Lungu commissions more power to Zambia

Zambia may soon be importing about 200 megawatts from Mozambique after the commissioning of the Karpower vessel, a Turkish ship which produces about 400 megawatts.

The commissioning was done yesterday in NACALA by President Edgar Lungu and his Mozambican counterpart Filipe Jacinto Nyusi.

Zambia imports 100 megawatts from the vessel but with the signing of the Memorandum of Understanding between the governments of Zambia and Mozambique, it may result in an import of 100 extra megawatts from Nacala. President Lungu said during the commissioning that Government had made electricity intervention to ensure that the economy was not adversely affected by the energy deficit that the country had been experiencing.

He said the poor rainfall pattern experienced in the last two rainy seasons had resulted in a loss of about, 2,400 megawatts with current internal generation restricted to less than 50 per cent.
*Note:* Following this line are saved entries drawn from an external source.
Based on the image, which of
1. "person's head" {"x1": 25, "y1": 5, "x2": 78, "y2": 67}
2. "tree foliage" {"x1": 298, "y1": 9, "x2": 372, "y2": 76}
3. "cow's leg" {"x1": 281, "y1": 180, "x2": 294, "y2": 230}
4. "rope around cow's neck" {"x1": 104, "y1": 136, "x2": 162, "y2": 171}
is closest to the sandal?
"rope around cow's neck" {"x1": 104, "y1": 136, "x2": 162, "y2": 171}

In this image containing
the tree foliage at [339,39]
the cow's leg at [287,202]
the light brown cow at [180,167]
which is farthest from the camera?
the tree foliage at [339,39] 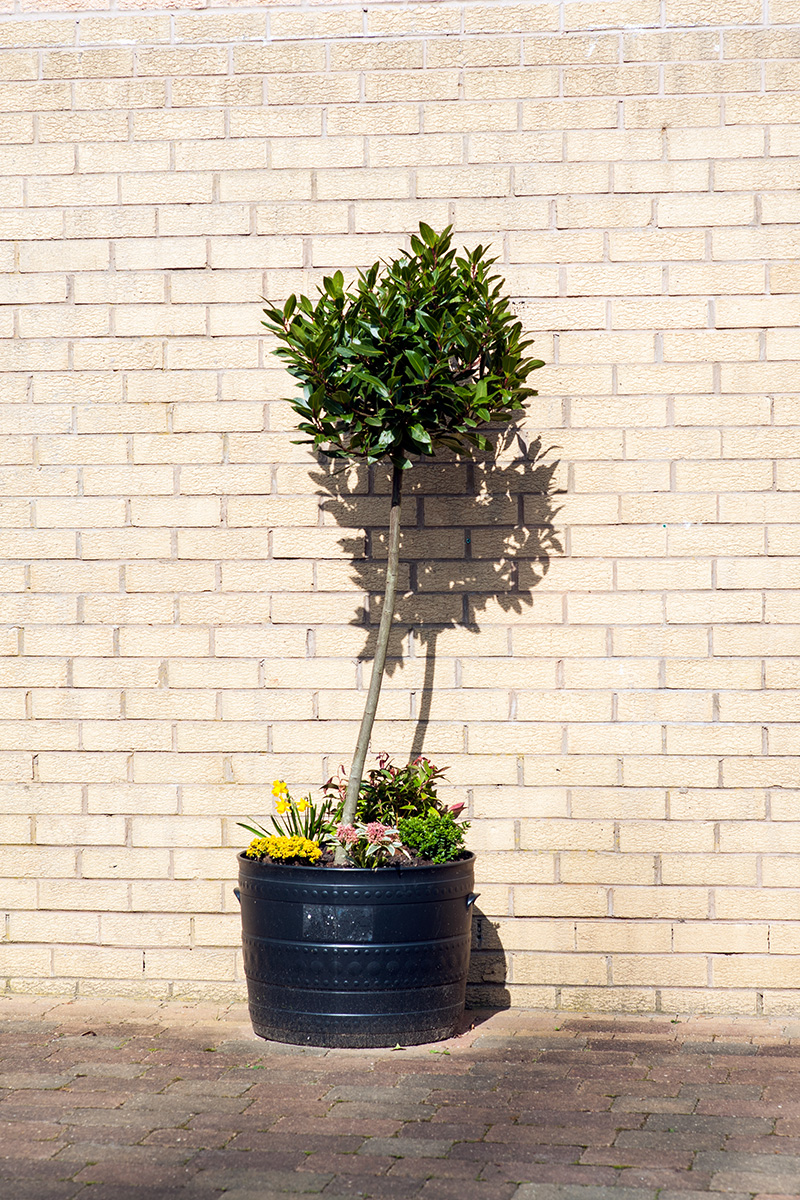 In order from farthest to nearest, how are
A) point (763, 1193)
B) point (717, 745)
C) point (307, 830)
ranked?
point (717, 745)
point (307, 830)
point (763, 1193)

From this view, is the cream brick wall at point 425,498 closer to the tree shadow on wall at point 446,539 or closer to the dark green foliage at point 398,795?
the tree shadow on wall at point 446,539

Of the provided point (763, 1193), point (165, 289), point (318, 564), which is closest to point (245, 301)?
point (165, 289)

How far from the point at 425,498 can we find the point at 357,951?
1.68 meters

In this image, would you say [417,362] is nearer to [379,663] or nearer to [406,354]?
[406,354]

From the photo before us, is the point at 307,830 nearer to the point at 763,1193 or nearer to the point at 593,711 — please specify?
the point at 593,711

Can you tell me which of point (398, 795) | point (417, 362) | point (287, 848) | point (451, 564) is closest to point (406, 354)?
point (417, 362)

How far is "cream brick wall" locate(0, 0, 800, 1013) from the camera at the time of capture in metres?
4.68

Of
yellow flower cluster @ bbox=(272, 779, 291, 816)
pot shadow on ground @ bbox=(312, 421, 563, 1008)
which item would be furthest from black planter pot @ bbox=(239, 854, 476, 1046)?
pot shadow on ground @ bbox=(312, 421, 563, 1008)

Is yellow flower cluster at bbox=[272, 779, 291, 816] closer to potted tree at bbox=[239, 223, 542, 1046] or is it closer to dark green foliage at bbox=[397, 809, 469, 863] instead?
potted tree at bbox=[239, 223, 542, 1046]

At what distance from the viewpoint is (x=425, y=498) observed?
4785mm

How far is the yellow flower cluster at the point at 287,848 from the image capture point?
423cm

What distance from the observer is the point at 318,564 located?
4801 millimetres

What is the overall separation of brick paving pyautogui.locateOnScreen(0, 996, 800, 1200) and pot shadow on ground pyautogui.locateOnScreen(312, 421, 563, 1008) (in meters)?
0.74

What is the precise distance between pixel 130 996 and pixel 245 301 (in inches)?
106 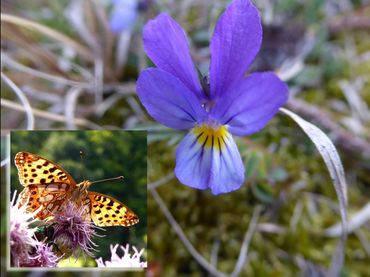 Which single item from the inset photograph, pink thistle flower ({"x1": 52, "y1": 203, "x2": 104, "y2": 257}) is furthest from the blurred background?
pink thistle flower ({"x1": 52, "y1": 203, "x2": 104, "y2": 257})

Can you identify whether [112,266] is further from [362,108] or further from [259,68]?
[362,108]

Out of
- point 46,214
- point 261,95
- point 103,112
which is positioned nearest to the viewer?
point 261,95

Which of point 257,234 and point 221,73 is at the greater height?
point 221,73

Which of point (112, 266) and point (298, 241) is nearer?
point (112, 266)

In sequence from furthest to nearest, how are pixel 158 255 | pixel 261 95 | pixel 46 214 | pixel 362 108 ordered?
pixel 362 108
pixel 158 255
pixel 46 214
pixel 261 95

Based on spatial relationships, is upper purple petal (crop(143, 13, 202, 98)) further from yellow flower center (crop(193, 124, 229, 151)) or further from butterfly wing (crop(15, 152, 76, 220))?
butterfly wing (crop(15, 152, 76, 220))

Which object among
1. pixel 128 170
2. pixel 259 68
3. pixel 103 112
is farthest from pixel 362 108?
pixel 128 170

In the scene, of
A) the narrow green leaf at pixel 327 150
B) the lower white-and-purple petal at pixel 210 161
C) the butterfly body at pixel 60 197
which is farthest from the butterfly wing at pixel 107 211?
the narrow green leaf at pixel 327 150

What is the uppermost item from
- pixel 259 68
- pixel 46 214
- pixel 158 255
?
pixel 259 68

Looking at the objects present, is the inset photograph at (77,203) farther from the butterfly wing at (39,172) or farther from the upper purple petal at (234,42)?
the upper purple petal at (234,42) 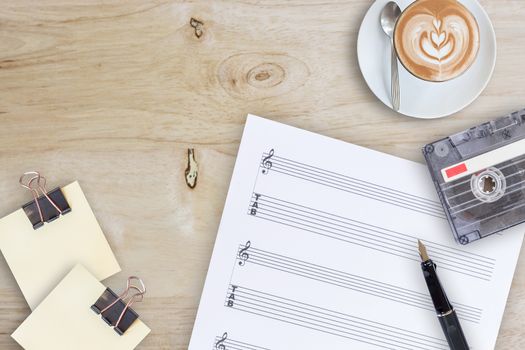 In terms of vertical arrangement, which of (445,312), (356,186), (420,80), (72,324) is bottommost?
(72,324)

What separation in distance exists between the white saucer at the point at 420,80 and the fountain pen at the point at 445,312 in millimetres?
237

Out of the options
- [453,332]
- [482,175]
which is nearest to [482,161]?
[482,175]

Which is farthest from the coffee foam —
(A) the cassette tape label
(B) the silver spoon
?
(A) the cassette tape label

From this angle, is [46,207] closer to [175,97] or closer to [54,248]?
[54,248]

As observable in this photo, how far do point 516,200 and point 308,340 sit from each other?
1.25ft

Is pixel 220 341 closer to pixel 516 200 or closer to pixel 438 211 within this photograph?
pixel 438 211

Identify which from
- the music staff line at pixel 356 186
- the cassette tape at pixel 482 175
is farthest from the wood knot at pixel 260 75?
the cassette tape at pixel 482 175

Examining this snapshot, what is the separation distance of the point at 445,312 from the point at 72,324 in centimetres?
56

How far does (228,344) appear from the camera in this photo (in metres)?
1.08

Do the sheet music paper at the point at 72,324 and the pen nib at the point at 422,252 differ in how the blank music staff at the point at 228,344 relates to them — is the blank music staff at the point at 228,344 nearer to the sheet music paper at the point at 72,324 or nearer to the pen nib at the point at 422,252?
the sheet music paper at the point at 72,324

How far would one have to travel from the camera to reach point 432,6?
103cm

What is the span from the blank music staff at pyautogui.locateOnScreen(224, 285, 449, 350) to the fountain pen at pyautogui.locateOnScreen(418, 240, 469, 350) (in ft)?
0.12

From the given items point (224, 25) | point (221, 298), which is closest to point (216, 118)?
point (224, 25)

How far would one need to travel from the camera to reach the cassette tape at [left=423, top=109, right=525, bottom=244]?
1075mm
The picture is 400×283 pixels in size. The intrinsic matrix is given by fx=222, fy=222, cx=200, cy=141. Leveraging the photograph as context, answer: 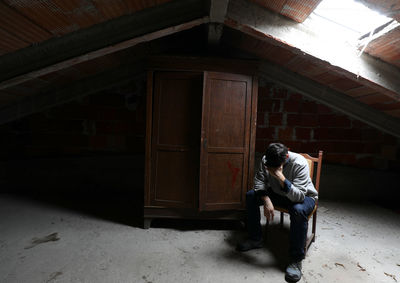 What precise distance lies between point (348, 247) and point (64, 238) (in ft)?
8.60

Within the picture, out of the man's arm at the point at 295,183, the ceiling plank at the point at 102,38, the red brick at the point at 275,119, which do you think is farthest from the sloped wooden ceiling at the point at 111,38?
the man's arm at the point at 295,183

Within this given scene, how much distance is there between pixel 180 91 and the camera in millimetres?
2217

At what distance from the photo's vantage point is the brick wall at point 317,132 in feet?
10.4

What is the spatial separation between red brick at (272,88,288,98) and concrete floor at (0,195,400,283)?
168 cm

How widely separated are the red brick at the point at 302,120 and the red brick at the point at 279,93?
300mm

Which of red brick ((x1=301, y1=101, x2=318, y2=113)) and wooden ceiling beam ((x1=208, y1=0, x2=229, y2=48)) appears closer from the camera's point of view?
wooden ceiling beam ((x1=208, y1=0, x2=229, y2=48))

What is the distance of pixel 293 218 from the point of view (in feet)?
5.63

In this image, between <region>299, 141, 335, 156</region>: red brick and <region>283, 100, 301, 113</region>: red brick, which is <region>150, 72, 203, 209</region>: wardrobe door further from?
<region>299, 141, 335, 156</region>: red brick

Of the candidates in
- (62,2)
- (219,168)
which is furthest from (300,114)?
(62,2)

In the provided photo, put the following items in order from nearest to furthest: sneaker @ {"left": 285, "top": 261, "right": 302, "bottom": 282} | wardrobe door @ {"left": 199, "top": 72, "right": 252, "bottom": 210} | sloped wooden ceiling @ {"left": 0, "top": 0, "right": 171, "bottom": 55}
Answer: sloped wooden ceiling @ {"left": 0, "top": 0, "right": 171, "bottom": 55}, sneaker @ {"left": 285, "top": 261, "right": 302, "bottom": 282}, wardrobe door @ {"left": 199, "top": 72, "right": 252, "bottom": 210}

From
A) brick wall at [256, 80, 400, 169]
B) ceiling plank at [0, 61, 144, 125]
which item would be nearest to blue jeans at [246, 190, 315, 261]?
brick wall at [256, 80, 400, 169]

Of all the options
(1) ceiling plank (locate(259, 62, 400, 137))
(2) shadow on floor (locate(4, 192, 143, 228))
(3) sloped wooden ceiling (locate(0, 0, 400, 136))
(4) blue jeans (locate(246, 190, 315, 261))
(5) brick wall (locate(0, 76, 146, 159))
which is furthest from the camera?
(5) brick wall (locate(0, 76, 146, 159))

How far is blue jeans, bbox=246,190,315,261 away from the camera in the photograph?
1688 millimetres

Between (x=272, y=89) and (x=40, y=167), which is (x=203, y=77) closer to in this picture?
(x=272, y=89) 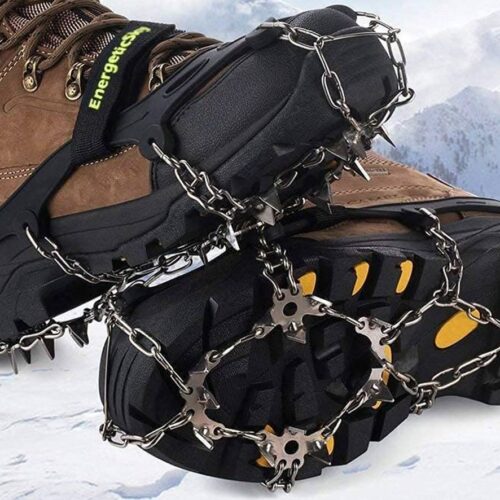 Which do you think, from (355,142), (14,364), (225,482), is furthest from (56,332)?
(355,142)

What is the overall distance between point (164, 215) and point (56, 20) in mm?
493

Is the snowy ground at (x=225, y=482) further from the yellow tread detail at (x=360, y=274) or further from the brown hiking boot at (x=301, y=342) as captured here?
the yellow tread detail at (x=360, y=274)

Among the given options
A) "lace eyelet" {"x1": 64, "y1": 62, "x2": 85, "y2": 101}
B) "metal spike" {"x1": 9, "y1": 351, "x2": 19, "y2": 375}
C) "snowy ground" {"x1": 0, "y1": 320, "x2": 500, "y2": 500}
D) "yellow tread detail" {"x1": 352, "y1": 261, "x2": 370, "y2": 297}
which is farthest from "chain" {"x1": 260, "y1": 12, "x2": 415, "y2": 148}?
"metal spike" {"x1": 9, "y1": 351, "x2": 19, "y2": 375}

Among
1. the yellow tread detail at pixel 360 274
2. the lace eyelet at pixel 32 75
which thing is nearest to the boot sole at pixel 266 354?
the yellow tread detail at pixel 360 274

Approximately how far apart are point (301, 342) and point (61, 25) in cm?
70

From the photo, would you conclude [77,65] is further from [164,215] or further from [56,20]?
[164,215]

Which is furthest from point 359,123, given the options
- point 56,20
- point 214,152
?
point 56,20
President Lungu said Zambia and Mozambique must explore areas of collaboration on renewable energy within the framework of the Zambia-Mozambique Joint Permanent Commission.

He thanked President Nyusi for the cooperation in which he had allowed the Kapowership to dock in Nacala, a strategic port, which was closer to Zambia, about1,800 kilometers to Lusaka.

The President thanked Zesco and their Mozambique counterpart, Electricidade De Mozambique (EDM) for a partnership that had yielded the desired results and could still go further.

“I wish to express my gratitude for the timely response to our request to facilitate for the supply of emergency power to our country. This initiative will make available 100 MW to Zambia. My Government has spared no effort to ensure that our people and the economy, as a whole, are not adversely affected by this energy deficit,” Mr Lungu said.

He said the Memorandum of Understanding that was signed with Mozambique, on the construction of a new-coal fired 1,200 MW power station in the neighbouring country, should serve as a stepping stone for greater collaboration, anchoring on the principles of partnership under the protocols of the African Union, and the Southern African Development Community (SADC), among others.

And President Nyusi, acknowledged that the power deficit in his country had affected many economic activities.

He, however, said his country had been working hard to ensure that the power deficit effect was brought to the minimal.

Mr Nyusi extolled President Edgar Lungu for marshalling a strategy to address the power deficit in Zambia.

He said President Lungu had been in office clocking slightly over a year, but that it was admirable how he had managed the power crisis in the short period.

“In just one year that you have been in office, you have managed to come up with solutions to the power problem in your country. We wish you success during elections in August,” Mr Nyusi said.

He was happy that the northern part of his country would also benefit from the Kapowership link, which supply around 115 MW but that gas discoveries would give further impetus to supply more energy sources and would also benefit Zambia under a proposed pipeline to supply the commodity.


The Karpower vessel is a Turkish ship which is floated on Indian Ocean waters, generating power which is supplied to Mozambique.